In a perfect world, my data is absolutely perfect, and I’ve collected every feature or metric for every person, to be fed cleanly into some model. Now let’s recognize the obvious reality that having complete data is rarely the case. We usually having missing values (NAs) in analysis, and so we must consider methods to deal with these missing values. There are two possible approaches:
- We can drop all observations for which we have missing data
- We can impute them, or come up with a good estimation of what they are likely to be
- We can use a method that allows for missing values
Data is gold, and so option 1 is not ideal, although I’ll note that technically you should not have a problem with removing data if the missing values are completely random. A good example of this is some questionnaire that asks about income. People that leave the question blank may have a good reason (e.g., a super high or low income that they are embarrassed about), in which case dropping those cases would hugely bias your analysis. Option 3 depends on your specific data and type of method, so I won’t review it just yet. Let’s assume that we don’t want to boldly eliminate entire observations, and talk about option 2, or methods for imputing missing values. This is by no means a comprehensive summary - it is the beginning of my thinking about this issue, and I will add to it as I learn more.

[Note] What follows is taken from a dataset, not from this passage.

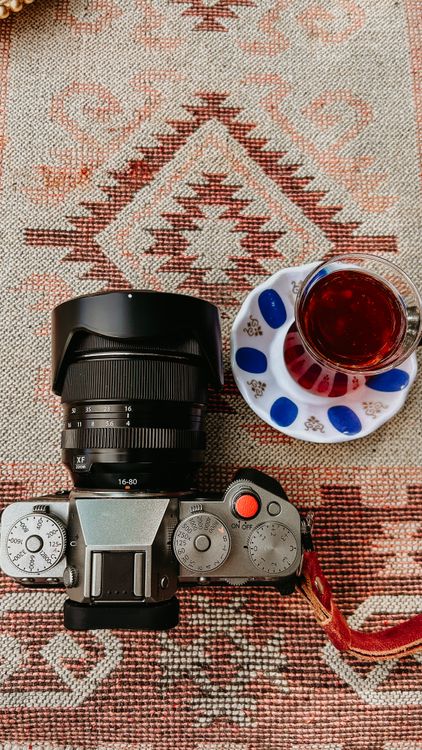 Camera and Tea on Patterned Rug · Free Stock Photo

Imputation of Missing Values
- Mean imputation: replaces missing values with the mean of the values that we do have. The problem with this approach, of course, is that it leads to underestimation of the standard deviation. For just a few missing values, however, it may not be so bad.
- Last value carrier forward: In this approach, if we are missing some clinical outcome, we fill it in with the last value recorded for a pre-treatment measure. This is a conservative approach because we are assuming no change, and so it biases our data toward the view that “whatever protocol was implemented, there was no significant change.” If there is signal in our data to suggest otherwise, and it is a strong signal, it would need to overpower this bias for us to conclude that the intervention caused a significant change in outcome.
- knn-imputation: In this approach, we use a similarity metric to find the most similar observation(s), and fill in the missing value with that/those observations. If you take more than one observation (K>1) then you would take a summary statistic.
- Random Imputation: In this approach, we place all of the variables that aren’t missing into a bucket, and we randomly sample from that bucket to fill in missing values. This would get rid of the NaNs, however it does not take anything specific about the observations into account. We are just filling the missing values in with a likely number from the distribution.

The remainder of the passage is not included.